Our day crew members readily share their culture and lives with us, as we in turn share our culture with them and teach them about eyes. When teaching our Senegalese day crew how to guide patients with reduced vision, I was struck by how emotionally affected they were from that small period without sight. I am incredibly grateful for my sight, especially when interacting with patients with vision loss, but I don’t necessarily think about how significant it is every day. It was refreshing to be reminded of its importance while teaching our day crew a critical skill to look after our patients, especially when they return on the day of surgery.
“ It is heartbreaking to have to explain to these patients that, sadly, there is major damage to their eyes and unfortunately there is nothing we can offer them ”
SURGICAL OPTIONS
The main surgical technique used on board is multiple small incision cataract surgery (MSICS). This technique has rapidly become the most commonly-used cataract surgical technique in developing nations. It does not need stitches, unlike its predecessor, extracapsular cataract extraction (ECE), and does not rely on more modern, expensive equipment like phacoemulsification, which also has a higher cost per surgery due to consumables. The cost of equipment and ongoing supply of consumables are huge barriers for many ophthalmic surgeons in low- and middle-income countries, as well as the ongoing maintenance of such machines.

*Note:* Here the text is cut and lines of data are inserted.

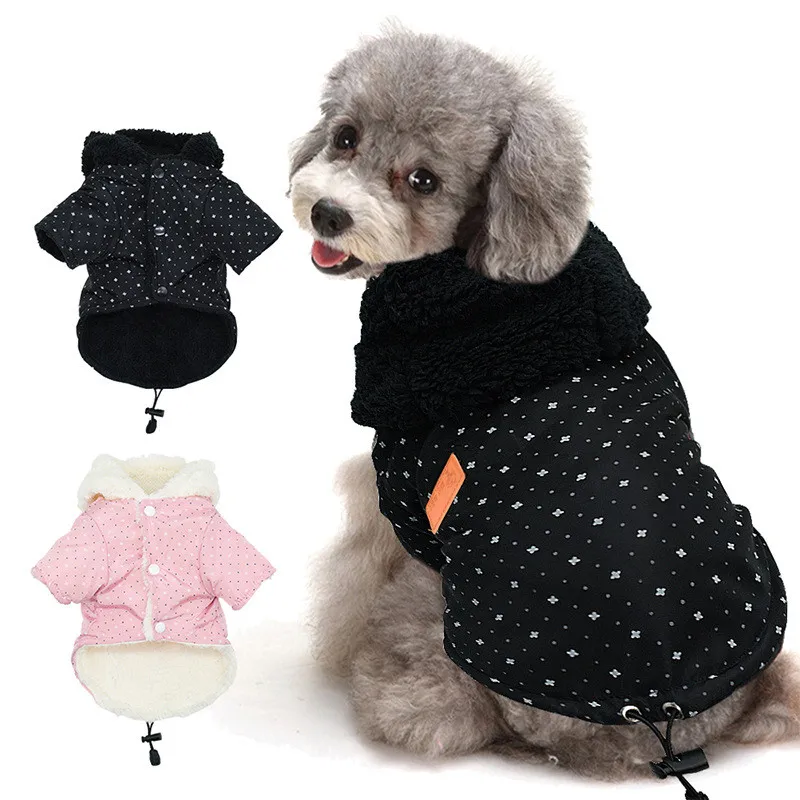 Dog Clothes Thickening Autumn Winter Warm Small Dog Coat Jacket Hooded Cute Pet Dog Costume For Chihuahua Yorkie Teddy 3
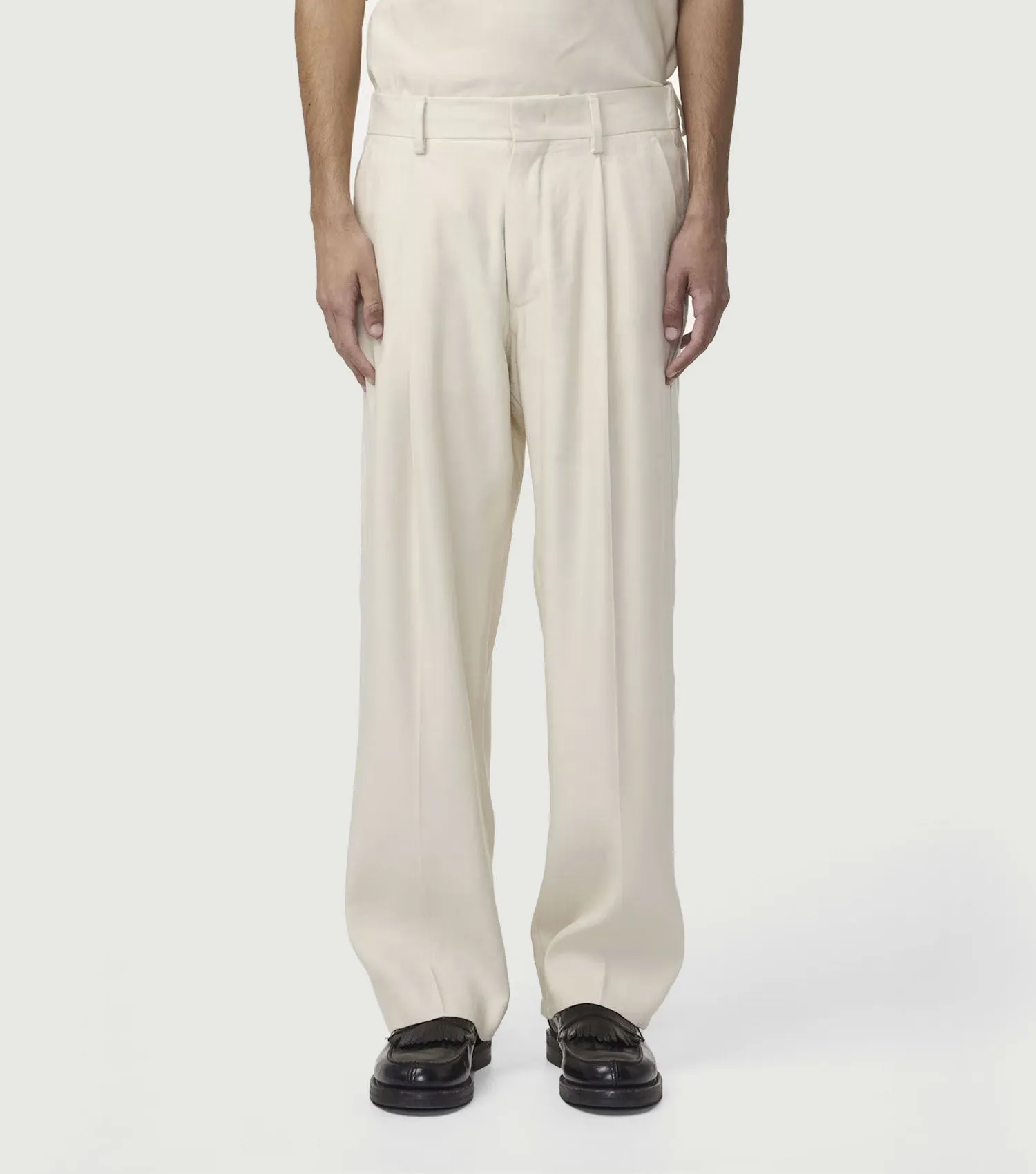 Kay Relaxed Fit Linen Blend Trouser Ivory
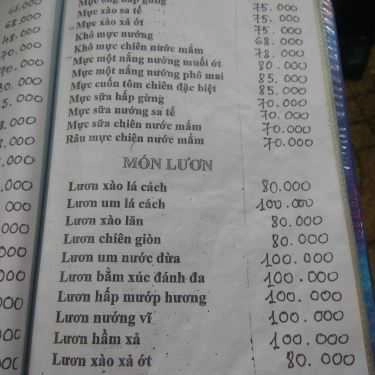 Thực đơn- Quán 543 - Quán Nhậu Bình Dân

All of these reasons explain why MSICS has become such a popular technique, and why this technique is taught to trainee surgeons who come on board as part of the Mercy Ships Education, Training, and Advocacy (ETA) program. It would be such a waste of a trainee’s time and of other resources to train someone in a technique that they wouldn’t be able to use when returning to their clinic. There is, however, a phacoemulsification machine on board, as well as the ability to perform anterior vitrectomies. This is particularly important for our paediatric patients, or for other more complicated procedures. It is a luxury to have two operating theatres designed for ophthalmology on board, and to be able to offer both major surgical techniques within our ophthalmic program.
POST-OP
After surgery, our patients return for routine follow-up appointments in the Eye Clinic at one day, two weeks, and six weeks. Obviously, they may also return sooner if they are having any issues with their eyes, and our ophthalmic provider will assess them and bring in the surgeon if required. One day follow-ups are a special time with patch removal. There are sometimes tears, and laughter, or times of prayer and thanksgiving. Along the way we hear small snippets of their stories, but our favourite time to hear patients’ stories is at their six-week follow-up.

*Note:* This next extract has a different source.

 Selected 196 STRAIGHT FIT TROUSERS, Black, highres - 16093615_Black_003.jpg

Due to the prevalence and likelihood of patients developing posterior capsular opacification (PCO), we perform a YAG laser capsulotomy for every patient at their six-week follow-up, so they don’t have to deal with that problem in the future.
We also have an incredible event called the ‘Celebration of Sight’. This is where we truly hear about the impact we have on an individual level. It is a time of singing, dancing, and celebrating with patients and their families. Some patients tell us about the difference that surgery has made for them.
CHANGING LIVES
A few of these stories especially stand out for me. One is of an 18-year-old boy who had been adopted along with his siblings. His vision had slowly deteriorated over the previous five years, and he developed bilateral cataracts with VA of 6/60 or counting fingers. We are not sure what caused that to happen. At both his pre-operative assessment and during the surgery his prognosis was marked as potentially poor, however, miraculously, his day one unaided VA was 6/12!
The surgeon was so surprised and delighted that he made the call to operate on the other eye, which is not our normal protocol, and had a similar outcome. Another is an outcome that wasn’t as good on paper, but the impact was just as significant. We saw a gentleman with a significant cataract and counting fingers vision in both eyes. We performed surgery for him, and his vision only improved slightly to a fluctuating 6/60 due to posterior problems we were unable to predict.
At his ‘Celebration of Sight’, he arrived with a large parcel. He and his family came to me, to gift a painting to the Eye Clinic. He explained that for the past 10 years all he could really see was shadow and light, but now he could see colour again. Even though his vision wasn’t perfect, his hope and joy had been restored.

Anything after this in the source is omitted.